CCAT Certificate Authority — Threat Model & Attack Surface#
This document is the security-review companion to
CCAT Certificate Authority — Operations Guide. Where that document explains how the
CCAT step-ca deployment is built and operated, this one explains what
it is exposed to, what defends it, and what to do when something goes
wrong. It is intended as reference material for security review,
incident response, and the Phase 3 go/no-go decision on worldwide
exposure of ca.ccat.uni-koeln.de:9000.
For PKI fundamentals (what a cert is, how chains work, why short lifetimes matter), see TLS, Certificates, and Public Key Infrastructure.

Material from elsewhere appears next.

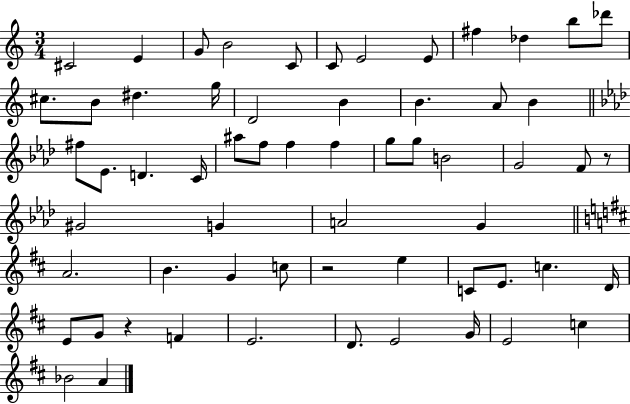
C#4/h E4/q G4/e B4/h C4/e C4/e E4/h E4/e F#5/q Db5/q B5/e Db6/e C#5/e. B4/e D#5/q. G5/s D4/h B4/q B4/q. A4/e B4/q F#5/e Eb4/e. D4/q. C4/s A#5/e F5/e F5/q F5/q G5/e G5/e B4/h G4/h F4/e R/e G#4/h G4/q A4/h G4/q A4/h. B4/q. G4/q C5/e R/h E5/q C4/e E4/e. C5/q. D4/s E4/e G4/e R/q F4/q E4/h. D4/e. E4/h G4/s E4/h C5/q Bb4/h A4/q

For OS and container patch cadence — which directly affects how fast we close CVEs in step-ca itself — see Patch Management, Container Security & Supply Chains.
Scope#
What this document covers. The public and auth-gated attack surface of the deployed step-ca instance, the Dex OIDC provider it relies on, realistic attacker scenarios, the defense-in-depth layers that stop them, and an incident-response sketch per failure mode.
What it does not cover. Cryptographic primitives and PKI theory (see TLS, Certificates, and Public Key Infrastructure), day-to-day operational runbooks such as adding provisioners or rotating the intermediate (see CCAT Certificate Authority — Operations Guide), and the broader supply-chain story for OS and container updates (see Patch Management, Container Security & Supply Chains).
Deployment phases#
The threat model differs sharply between the rollout phases:
Phase |
Root key |
Production trust |
Threat-model posture |
|---|---|---|---|
Phase 1 — dry-run |
File-based, throwaway |
No production service trusts the root yet |
Everything issued is a dress rehearsal. A full compromise = wipe and redo the ceremony. Low stakes. |
Phase 2 — HSM rehearsal |
HSM-backed, real |
Still no production trust; rotation drills only |
Keys are extraction-resistant. Signing key never leaves the HSM. |
Phase 3 — steady state |
HSM-backed, real |
All CCAT hosts trust the root; SSH, mTLS, internal web UIs chain to it |
Real blast radius. The operational hardening checklist below must be complete before entering this phase. |
Scale assumption#
CCAT is a small, university-hosted, internal-use PKI: roughly 20 trusted humans (the ccatobs GitHub org) plus a handful of service accounts and hosts. The threat model reflects this — we are not defending a public CA with millions of subscribers. We do not need WebPKI-grade transparency logs, CRLs, or staffed SOCs. We do need the discipline that comes with being an internal trust anchor for real infrastructure.
Attack surface#
Two DNS names are relevant:
ca.ccat.uni-koeln.de— step-ca’s API. In Phase 1 it rides behind nginx-proxy on port 443 (the “trust-bundle hack”); the steady-state plan is to expose step-ca directly on TCP 9000, worldwide, once Uni Köln IT opens the firewall.auth.ccat.uni-koeln.de— Dex’s OIDC endpoints and GitHub login redirect page, on port 443 with Let’s Encrypt termination via acme-companion. Dex has no admin UI and no path that needs IP gating.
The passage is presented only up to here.